The strategic question is whether your segment will be viable in the next 24 months. “Assuming, you have an answer to that question, then you can ask, what do you do tactically,” Kim said.

Unfortunately, he said, most service providers can’t answer the question. “Nobody’s come up with an answer except don’t be in the consumer space,” he said. The bigger question is what is the prospect for VoIP services in the SMB and enterprise spaces? What prospects are there for independent VoIP providers given that they are being squeezed by telcos on one end and cablecos on the other?

“Its more than Vonage,” Kim said, referring to the beleaguered pure-play VoIP company. “How many customers are there to be gotten?”

Independent VoIP providers will struggle in 2008, Kim predicted, but it wont be because of the economy, but due to competition from cable. “When Comcast and Time Warner Cable get into the market, what will happen to the independent VoIP providers and the CLECs?” Kim asked. Already, he said, field force vendors serving independents have reported a dropoff in business as a result of the efforts by the cablecos to sell VoIP.

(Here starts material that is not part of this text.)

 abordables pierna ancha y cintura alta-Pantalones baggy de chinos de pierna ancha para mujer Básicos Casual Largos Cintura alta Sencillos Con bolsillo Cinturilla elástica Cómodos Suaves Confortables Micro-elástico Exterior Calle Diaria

He said some CLECs dont think cable’s entry into the VoIP market will affect them. “Thats true initially,” he said. “Cable will chase small business first, so the CLEC enterprise customers are safe.”

Achieving success with VoIP in the SMB market is a bit of a gray area, Kim said. “It will be a couple of years before we know if there will be successful models among independent CLECs,” he said, noting that CLECs have a habit of buying growth. “When that stops, we’ll see what works and what doesnt.”